"You —— ——!" he cursed. "Try to bean me, will you? Damn you! You've made your last soap-box spiel!"
"Come on, now, boys, out with him, an' no more rag-chewin'!" the policeman exclaimed. "Git him in the wagon, an' away, before a gang piles in here! You, Caffery, take his feet. I'll manage his head. Jesus, but he's some big guy, though, the —— —— of a ——!"
Together, the battered policeman and the detective who still had some strength left in him, raised Gabriel's limp body and carried it from the room. The woman, meanwhile, stood there inhaling cigarette-smoke and laughing viciously to herself.
"You easy mutt!" she exclaimed. "Dead baby, room-rent due, wanted to get home to sister—and you fell for that old gag with whiskers on it! You're some wise guy all right, all right, I don't think. Well, as a stall it was a beaut. And I must say I never screamed better in all my life. And that wallop I handed out, was a peach. If I don't pull down five hundred for this night's work—"
"Shut up, you ——!" snarled Caffery, as he turned into the stairway. "Keep that lip o' yours quiet, will you, or—"

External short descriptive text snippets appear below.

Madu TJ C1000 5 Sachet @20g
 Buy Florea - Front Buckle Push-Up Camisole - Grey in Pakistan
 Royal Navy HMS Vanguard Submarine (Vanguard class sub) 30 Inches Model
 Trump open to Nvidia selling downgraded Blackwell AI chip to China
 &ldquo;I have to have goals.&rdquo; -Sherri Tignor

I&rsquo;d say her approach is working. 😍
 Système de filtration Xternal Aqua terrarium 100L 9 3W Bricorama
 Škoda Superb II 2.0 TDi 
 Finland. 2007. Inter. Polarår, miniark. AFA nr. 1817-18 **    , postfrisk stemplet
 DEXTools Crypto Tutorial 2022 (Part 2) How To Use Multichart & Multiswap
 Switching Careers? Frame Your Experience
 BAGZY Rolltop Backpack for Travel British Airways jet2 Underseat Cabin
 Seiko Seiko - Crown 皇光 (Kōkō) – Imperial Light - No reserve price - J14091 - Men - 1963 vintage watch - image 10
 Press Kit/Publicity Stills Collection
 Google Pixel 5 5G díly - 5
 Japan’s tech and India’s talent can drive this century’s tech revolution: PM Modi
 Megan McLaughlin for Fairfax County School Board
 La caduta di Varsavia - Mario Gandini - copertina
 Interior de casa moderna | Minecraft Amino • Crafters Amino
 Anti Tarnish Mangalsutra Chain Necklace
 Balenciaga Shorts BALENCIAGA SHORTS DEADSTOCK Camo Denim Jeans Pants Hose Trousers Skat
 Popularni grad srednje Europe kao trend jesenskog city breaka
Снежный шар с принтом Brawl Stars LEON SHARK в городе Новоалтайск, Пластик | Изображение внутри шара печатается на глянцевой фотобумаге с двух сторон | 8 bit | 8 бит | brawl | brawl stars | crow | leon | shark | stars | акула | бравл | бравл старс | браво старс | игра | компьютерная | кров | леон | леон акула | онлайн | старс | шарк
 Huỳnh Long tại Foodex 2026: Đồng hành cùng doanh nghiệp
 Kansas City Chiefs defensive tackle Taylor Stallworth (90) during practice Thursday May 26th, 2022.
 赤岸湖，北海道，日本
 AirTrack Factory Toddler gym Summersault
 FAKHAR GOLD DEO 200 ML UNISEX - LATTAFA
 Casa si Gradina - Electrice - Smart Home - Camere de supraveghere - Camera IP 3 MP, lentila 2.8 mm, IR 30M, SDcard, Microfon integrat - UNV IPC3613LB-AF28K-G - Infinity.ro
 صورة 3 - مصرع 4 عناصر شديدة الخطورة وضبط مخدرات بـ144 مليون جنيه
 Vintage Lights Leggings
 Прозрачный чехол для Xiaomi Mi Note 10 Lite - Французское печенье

The woman stared at him a moment, then laughed insolently and snapped her smoke-yellowed fingers at him in defiance.
"Mind you show up in court, in the mornin'!" panted the officer, staggering downstairs under the weight of Gabriel's huge shoulders.
"Better arrest her now," suggested Caffery, "an' hold her."
"You will, like Hell!" retorted the woman.
"Shhh! In one door an' out the other," the second detective whispered in her ear, as she stood there in the doorway. "I'll see to it you get fifty extra for that!"